What you need to do: Take the records below and print them verbatim up to and including the line that carries "Sophia Light Steel".

Provided material below:

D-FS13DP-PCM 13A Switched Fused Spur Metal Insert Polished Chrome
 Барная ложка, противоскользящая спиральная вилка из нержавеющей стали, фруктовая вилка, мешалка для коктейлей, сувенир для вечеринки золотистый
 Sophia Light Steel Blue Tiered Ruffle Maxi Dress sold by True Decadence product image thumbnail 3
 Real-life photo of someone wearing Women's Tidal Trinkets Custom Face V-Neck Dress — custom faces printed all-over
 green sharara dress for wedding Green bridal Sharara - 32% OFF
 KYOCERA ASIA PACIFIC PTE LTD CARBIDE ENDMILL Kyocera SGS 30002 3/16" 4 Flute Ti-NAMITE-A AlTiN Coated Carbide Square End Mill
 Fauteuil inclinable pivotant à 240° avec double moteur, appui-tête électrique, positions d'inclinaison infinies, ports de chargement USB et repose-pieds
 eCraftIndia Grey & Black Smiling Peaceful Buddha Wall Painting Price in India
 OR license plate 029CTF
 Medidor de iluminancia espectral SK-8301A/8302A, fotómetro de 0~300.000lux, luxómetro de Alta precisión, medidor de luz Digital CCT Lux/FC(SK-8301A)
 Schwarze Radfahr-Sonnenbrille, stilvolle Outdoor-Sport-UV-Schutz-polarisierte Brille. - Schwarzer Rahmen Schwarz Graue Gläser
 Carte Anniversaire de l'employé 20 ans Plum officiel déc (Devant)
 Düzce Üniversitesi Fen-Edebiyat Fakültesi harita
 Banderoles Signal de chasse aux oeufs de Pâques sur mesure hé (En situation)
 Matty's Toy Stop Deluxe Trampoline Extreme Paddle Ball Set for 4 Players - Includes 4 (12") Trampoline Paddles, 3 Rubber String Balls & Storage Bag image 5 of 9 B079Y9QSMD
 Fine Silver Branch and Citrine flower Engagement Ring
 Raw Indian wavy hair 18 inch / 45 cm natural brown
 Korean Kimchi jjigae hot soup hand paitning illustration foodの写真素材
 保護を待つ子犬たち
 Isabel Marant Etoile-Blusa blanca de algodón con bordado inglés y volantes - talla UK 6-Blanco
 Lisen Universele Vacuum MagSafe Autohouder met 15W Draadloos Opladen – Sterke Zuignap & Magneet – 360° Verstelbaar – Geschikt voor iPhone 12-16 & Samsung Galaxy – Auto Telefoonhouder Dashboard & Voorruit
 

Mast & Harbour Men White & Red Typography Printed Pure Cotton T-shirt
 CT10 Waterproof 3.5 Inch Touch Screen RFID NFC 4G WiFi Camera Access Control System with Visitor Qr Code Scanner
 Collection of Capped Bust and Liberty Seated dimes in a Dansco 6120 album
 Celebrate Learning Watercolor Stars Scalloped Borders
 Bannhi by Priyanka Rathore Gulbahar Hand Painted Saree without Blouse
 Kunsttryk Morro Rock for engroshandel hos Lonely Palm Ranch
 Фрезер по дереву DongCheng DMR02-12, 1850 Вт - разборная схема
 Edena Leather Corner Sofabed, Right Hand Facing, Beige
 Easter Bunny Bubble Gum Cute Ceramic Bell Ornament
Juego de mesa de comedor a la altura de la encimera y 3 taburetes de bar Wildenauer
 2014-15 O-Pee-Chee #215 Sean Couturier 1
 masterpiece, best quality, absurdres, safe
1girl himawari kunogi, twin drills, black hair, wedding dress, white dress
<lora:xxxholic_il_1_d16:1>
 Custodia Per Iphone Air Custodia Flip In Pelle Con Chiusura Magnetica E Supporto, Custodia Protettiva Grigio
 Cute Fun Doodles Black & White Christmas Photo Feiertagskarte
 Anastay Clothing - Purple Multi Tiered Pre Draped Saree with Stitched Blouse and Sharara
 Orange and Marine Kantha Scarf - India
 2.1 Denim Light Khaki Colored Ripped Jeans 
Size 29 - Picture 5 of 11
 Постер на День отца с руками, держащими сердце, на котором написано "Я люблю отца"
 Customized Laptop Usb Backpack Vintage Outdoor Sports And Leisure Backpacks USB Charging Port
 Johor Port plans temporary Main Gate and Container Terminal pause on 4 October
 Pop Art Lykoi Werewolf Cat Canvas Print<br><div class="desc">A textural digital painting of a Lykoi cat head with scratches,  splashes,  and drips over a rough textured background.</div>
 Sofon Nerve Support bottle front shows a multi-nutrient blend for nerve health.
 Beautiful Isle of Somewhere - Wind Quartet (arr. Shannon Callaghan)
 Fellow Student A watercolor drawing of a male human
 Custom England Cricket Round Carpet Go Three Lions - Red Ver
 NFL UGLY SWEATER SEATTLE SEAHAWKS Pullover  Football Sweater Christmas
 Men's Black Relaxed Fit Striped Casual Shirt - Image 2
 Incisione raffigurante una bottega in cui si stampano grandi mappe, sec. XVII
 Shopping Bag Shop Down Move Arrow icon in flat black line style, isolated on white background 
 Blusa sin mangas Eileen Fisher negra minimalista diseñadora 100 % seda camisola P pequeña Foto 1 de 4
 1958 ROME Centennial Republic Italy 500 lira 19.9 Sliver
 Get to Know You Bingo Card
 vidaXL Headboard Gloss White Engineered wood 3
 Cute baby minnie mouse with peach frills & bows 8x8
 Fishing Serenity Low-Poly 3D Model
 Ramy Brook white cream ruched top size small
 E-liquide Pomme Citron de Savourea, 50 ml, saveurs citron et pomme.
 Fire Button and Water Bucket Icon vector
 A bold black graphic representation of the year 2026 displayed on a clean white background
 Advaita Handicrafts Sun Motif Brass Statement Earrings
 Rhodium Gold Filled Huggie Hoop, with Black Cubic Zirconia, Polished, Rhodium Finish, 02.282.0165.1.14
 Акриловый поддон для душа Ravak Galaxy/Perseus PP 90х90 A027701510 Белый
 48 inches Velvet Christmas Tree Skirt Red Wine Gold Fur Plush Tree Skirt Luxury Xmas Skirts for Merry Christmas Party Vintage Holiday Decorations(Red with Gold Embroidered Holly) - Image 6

End of Provided material.

Result of the exercise:
D-FS13DP-PCM 13A Switched Fused Spur Metal Insert Polished Chrome
 Барная ложка, противоскользящая спиральная вилка из нержавеющей стали, фруктовая вилка, мешалка для коктейлей, сувенир для вечеринки золотистый
 Sophia Light Steel Blue Tiered Ruffle Maxi Dress sold by True Decadence product image thumbnail 3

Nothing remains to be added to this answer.